I love the chromed seat stays and fork, the original paint and decals were in very good condition, and it had a Campagnolo Record headset and bottom bracket that were both in excellent working order. I found out more about the history of Ciocc- The signature on the top tube is that of the frame builder Giovanni Pelizzoli. His nickname was "Ciocc," meaning "poker face" in his local dialect. The model San Cristobal was made in honor of Claudio Corti's 1977 amateur World Cup victory in San Cristobal Spain atop a Ciocc bicycle. Giovanni Pelizzoli sold the Ciocc brand in 1980, but still makes bicycles today under the brand name Pelizzoli. He was the subject of a documentary called "Anima D'Acciaio," Soul of Steel. I've found the trailer on YouTube, but I have no idea how to get ahold of a copy of the full documentary.
I'd thought about building it with a mid-nineties Campagnolo 8 speed ergo group I have lying around, but decided instead to look around for more period-correct eighties parts.
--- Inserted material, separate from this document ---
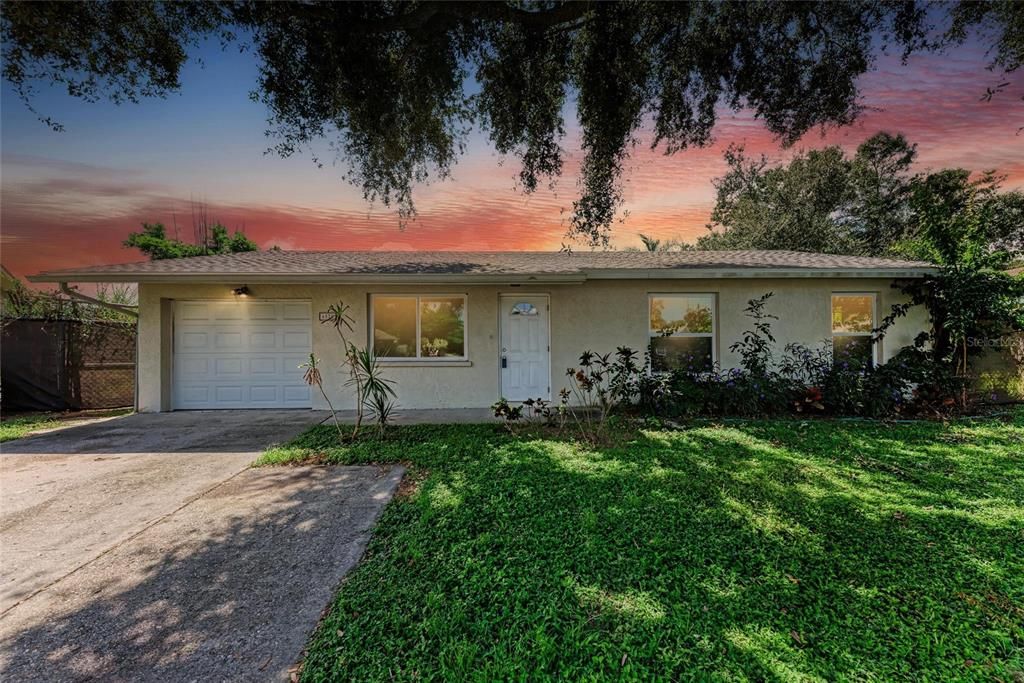 En Venta: $300,000 (3 camas, 1 baños, 1000 Pies cuadrados)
My first stop was Bryan Hoffman, I knew he had some boxes of vintage Campy stuff. He let me pick through his stash and I left with a pair of C-Record downtube friction shifters, a Record brake set, some C-Record brake levers with white hoods, and a pair of Record 8-speed hubs. So far so good. Some of the parts were more of a mid-nineties vintage, but I told myself that an original owner might have upgraded the shifters, brake levers, and wheels anyway.
Next stop was eBay. Soon I became obsessed with vintage Campy stuff on eBay, but I did well and in short order I had won auctions for a Super Record crankset and a matching Super Record front and rear derailleur. Man, Campy made some beautiful bicycle components!
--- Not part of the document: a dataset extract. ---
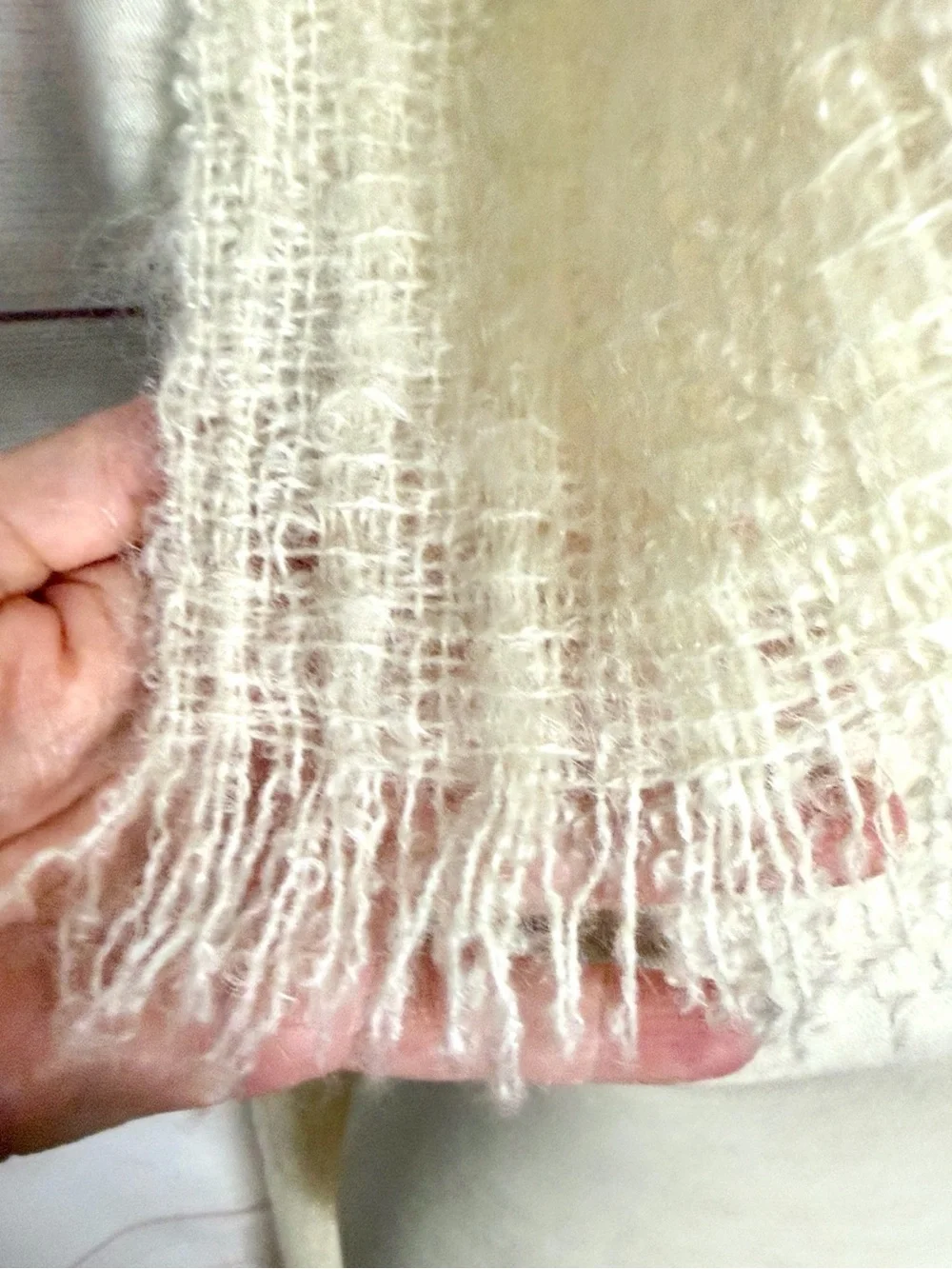 Donegal Design Ireland Large Oblong Scarf Mohair Wool Ivory Handwoven Fringe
I sprayed the inside of the frame with Frame Saver to prepare it for the build. I also decided I just had to restore the one decal that was missing. Todd told me that a previous owner had removed the Columbus tubing decal from the seat tube, and with it had peeled off some paint. He had covered it with some electrical tape. I found the correct decal by matching it to the Columbus decals on the fork, and found a place online where I could order the replicas. After peeling off the electrical tape I could see that someone had scraped the old decal off. I filled the scrape marks with touch-up lacquer and sanded the area smooth before applying the replica decal. Amazing how satisfying it is to fix something so small!
I already had an Italian 3TTT stem and handlebars from the Kona, so I filled out the rest of the parts bit by bit. I bought brand new Mavic Open Pro rims from All-Star Bike Shop instead of trying to source vintage rims. I'm going to ride this bike, not just hang it on a wall, so I wanted a good solid wheel set. I took the hubs and rims to Matt Lodder to build the wheels. I ordered a San Marco Regal saddle in white perforato and a set of Vittoria Open Corsa Evo SC tires. I went to Cycles de Oro in Greensboro for their swap meet, looking for a Campagnolo seatpost and a pair of skewers, but didn't find them. I did get a pair of Classic Rendezvous vintage looking bottles, though! The last couple of bits came from Gilbert Anderson at North Road Bicycle Imports in Yanceyville- he had the perfect Nuovo Record 2-bolt seatpost and a nice pair of wheel skewers.
I think the bike turned out beautifully. It rides like a dream, too. I love to take it to club rides and show it off. It turns heads at the coffee shop too! I couldn't be happier with my first Italian steel bike!